## Required work
Please output the section of the listing below that opens with the line containing "Cable connector, 2" and closes with the line containing "甜辣妹毛衣外套女設計感小眾高級針織衫開衫春季新款別致短款上衣", exactly and with nothing else.

## Task data
┌──
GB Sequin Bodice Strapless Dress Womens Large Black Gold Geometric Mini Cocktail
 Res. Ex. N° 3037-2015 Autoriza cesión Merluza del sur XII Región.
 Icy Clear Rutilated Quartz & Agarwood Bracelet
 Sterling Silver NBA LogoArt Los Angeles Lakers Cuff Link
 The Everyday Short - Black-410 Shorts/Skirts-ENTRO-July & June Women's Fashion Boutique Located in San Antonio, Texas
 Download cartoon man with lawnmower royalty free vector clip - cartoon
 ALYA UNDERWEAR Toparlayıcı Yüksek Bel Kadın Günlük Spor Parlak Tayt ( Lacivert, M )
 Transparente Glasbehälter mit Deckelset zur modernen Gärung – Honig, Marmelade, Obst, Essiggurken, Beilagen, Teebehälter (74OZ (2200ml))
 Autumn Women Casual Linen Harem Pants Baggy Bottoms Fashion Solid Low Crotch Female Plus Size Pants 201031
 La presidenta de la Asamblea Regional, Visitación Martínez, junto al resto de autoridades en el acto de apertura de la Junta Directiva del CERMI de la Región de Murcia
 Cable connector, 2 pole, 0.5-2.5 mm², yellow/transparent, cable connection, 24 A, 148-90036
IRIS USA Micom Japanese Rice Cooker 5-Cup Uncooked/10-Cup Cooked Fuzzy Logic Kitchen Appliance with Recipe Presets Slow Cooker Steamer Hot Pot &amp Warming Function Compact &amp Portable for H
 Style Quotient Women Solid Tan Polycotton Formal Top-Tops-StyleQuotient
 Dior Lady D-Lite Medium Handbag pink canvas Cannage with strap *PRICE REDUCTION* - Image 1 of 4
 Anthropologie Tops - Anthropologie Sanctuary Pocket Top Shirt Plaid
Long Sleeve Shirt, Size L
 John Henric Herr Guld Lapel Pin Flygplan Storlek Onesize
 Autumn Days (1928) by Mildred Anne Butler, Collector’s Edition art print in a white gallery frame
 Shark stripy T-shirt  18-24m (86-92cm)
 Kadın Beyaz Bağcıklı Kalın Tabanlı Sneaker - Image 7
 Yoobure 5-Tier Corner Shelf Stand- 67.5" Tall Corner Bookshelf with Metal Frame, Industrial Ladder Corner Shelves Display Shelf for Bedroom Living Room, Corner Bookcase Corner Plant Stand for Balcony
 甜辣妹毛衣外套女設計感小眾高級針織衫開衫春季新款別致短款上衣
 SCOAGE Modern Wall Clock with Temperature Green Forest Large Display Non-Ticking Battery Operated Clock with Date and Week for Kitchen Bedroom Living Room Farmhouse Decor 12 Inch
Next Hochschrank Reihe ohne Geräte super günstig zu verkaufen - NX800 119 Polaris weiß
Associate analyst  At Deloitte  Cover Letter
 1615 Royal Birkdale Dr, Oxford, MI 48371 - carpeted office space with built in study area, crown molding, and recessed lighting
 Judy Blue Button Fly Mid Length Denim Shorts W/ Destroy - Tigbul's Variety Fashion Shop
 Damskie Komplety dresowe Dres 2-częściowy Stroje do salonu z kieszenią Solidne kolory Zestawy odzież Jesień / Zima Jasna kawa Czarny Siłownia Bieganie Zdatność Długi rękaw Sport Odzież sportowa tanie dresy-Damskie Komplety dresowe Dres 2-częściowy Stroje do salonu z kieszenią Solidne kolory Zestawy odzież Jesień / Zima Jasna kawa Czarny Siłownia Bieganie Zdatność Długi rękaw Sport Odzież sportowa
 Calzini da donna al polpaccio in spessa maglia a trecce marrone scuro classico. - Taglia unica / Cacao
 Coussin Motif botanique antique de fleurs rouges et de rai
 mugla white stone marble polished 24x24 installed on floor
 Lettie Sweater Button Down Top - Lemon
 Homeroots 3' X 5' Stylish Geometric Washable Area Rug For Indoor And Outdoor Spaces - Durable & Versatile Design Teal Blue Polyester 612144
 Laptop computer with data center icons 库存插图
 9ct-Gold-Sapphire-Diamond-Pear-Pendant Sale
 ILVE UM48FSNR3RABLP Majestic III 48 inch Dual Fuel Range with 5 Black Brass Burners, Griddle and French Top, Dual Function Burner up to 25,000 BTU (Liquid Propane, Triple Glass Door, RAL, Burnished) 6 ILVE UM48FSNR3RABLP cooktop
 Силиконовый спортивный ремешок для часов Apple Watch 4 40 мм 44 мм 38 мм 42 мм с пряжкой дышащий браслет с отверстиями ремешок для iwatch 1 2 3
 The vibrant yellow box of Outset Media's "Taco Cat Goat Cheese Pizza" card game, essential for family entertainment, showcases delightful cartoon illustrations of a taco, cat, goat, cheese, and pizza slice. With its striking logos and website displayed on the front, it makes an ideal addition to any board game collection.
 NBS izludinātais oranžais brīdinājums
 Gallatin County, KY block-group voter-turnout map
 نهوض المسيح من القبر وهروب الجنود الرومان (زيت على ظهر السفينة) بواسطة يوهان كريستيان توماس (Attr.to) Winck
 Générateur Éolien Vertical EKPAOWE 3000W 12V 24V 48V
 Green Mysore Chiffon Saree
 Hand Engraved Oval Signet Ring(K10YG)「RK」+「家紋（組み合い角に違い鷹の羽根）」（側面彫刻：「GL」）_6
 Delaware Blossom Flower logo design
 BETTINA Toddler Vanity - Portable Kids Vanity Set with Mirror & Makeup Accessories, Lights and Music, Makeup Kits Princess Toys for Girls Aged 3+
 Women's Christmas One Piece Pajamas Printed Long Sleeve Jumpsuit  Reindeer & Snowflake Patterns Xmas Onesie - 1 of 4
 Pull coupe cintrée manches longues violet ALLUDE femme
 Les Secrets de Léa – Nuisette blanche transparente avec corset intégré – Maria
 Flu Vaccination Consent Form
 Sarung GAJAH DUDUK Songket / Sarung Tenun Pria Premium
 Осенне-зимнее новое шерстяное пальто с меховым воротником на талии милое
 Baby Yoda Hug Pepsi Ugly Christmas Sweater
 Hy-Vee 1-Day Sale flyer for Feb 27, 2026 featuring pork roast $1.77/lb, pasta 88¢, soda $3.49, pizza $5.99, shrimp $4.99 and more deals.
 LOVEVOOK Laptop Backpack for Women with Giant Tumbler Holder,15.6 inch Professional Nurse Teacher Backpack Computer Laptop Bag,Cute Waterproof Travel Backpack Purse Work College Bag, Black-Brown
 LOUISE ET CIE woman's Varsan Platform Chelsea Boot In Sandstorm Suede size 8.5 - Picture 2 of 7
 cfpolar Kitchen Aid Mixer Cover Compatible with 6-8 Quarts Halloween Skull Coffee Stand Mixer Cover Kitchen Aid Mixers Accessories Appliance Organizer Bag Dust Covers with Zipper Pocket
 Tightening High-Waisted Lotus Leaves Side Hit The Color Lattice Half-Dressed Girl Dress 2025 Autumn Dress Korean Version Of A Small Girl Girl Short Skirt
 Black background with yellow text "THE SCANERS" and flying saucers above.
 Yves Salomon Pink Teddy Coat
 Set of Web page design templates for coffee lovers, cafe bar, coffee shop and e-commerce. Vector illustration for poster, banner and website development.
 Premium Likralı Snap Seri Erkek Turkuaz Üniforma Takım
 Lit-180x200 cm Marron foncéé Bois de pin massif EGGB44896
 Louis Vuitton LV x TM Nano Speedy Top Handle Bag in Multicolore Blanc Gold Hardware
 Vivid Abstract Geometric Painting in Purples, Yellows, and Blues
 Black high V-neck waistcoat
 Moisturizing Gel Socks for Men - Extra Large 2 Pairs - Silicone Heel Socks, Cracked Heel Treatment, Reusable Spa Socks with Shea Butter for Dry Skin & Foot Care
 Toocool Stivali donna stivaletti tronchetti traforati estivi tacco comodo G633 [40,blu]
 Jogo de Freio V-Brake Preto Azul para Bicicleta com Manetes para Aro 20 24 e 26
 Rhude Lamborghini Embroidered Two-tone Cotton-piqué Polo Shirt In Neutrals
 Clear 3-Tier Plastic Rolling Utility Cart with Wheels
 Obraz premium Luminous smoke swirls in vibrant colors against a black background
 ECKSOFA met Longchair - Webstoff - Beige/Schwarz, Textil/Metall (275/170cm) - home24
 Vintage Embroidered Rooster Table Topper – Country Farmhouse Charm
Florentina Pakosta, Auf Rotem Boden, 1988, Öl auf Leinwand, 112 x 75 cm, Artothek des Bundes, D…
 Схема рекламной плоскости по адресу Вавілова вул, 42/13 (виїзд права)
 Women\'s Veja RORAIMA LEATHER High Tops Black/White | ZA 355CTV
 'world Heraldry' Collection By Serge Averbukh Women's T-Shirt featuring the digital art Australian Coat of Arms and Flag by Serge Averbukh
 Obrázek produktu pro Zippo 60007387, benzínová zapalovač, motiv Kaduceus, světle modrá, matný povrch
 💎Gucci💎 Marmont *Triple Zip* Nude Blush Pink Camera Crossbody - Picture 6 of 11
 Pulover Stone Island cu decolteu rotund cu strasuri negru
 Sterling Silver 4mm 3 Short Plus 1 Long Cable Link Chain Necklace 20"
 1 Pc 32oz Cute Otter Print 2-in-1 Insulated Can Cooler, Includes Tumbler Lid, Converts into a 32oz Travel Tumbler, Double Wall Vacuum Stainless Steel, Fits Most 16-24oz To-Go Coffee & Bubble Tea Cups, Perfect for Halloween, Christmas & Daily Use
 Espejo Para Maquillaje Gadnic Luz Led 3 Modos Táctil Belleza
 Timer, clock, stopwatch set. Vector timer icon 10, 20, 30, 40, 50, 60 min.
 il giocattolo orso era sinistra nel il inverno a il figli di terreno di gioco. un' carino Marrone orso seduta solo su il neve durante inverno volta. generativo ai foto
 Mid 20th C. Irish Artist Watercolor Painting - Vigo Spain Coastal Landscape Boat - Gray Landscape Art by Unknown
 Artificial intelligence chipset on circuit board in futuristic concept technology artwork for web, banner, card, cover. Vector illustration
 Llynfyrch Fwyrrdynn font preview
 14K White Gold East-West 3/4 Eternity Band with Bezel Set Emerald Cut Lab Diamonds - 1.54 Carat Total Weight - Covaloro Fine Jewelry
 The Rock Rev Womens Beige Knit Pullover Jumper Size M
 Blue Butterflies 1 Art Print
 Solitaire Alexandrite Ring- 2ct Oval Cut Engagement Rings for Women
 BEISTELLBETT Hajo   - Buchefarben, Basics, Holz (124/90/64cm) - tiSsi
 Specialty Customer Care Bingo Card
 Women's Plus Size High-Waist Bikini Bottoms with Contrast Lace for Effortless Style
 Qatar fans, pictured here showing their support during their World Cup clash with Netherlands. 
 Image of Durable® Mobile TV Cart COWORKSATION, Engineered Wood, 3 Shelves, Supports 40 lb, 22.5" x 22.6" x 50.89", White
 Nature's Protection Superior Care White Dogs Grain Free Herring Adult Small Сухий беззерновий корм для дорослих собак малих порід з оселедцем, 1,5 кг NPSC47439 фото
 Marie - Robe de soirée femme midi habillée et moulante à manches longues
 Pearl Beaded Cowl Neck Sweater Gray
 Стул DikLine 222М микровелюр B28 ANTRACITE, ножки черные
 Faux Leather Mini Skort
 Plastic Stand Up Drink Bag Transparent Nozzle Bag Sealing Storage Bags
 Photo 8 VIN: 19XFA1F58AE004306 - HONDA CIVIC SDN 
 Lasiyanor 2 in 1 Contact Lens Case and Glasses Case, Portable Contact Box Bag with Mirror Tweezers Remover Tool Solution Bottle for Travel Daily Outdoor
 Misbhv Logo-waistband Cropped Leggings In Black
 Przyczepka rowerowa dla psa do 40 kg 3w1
└──
## Final answer
 Cable connector, 2 pole, 0.5-2.5 mm², yellow/transparent, cable connection, 24 A, 148-90036
IRIS USA Micom Japanese Rice Cooker 5-Cup Uncooked/10-Cup Cooked Fuzzy Logic Kitchen Appliance with Recipe Presets Slow Cooker Steamer Hot Pot &amp Warming Function Compact &amp Portable for H
 Style Quotient Women Solid Tan Polycotton Formal Top-Tops-StyleQuotient
 Dior Lady D-Lite Medium Handbag pink canvas Cannage with strap *PRICE REDUCTION* - Image 1 of 4
 Anthropologie Tops - Anthropologie Sanctuary Pocket Top Shirt Plaid
Long Sleeve Shirt, Size L
 John Henric Herr Guld Lapel Pin Flygplan Storlek Onesize
 Autumn Days (1928) by Mildred Anne Butler, Collector’s Edition art print in a white gallery frame
 Shark stripy T-shirt  18-24m (86-92cm)
 Kadın Beyaz Bağcıklı Kalın Tabanlı Sneaker - Image 7
 Yoobure 5-Tier Corner Shelf Stand- 67.5" Tall Corner Bookshelf with Metal Frame, Industrial Ladder Corner Shelves Display Shelf for Bedroom Living Room, Corner Bookcase Corner Plant Stand for Balcony
 甜辣妹毛衣外套女設計感小眾高級針織衫開衫春季新款別致短款上衣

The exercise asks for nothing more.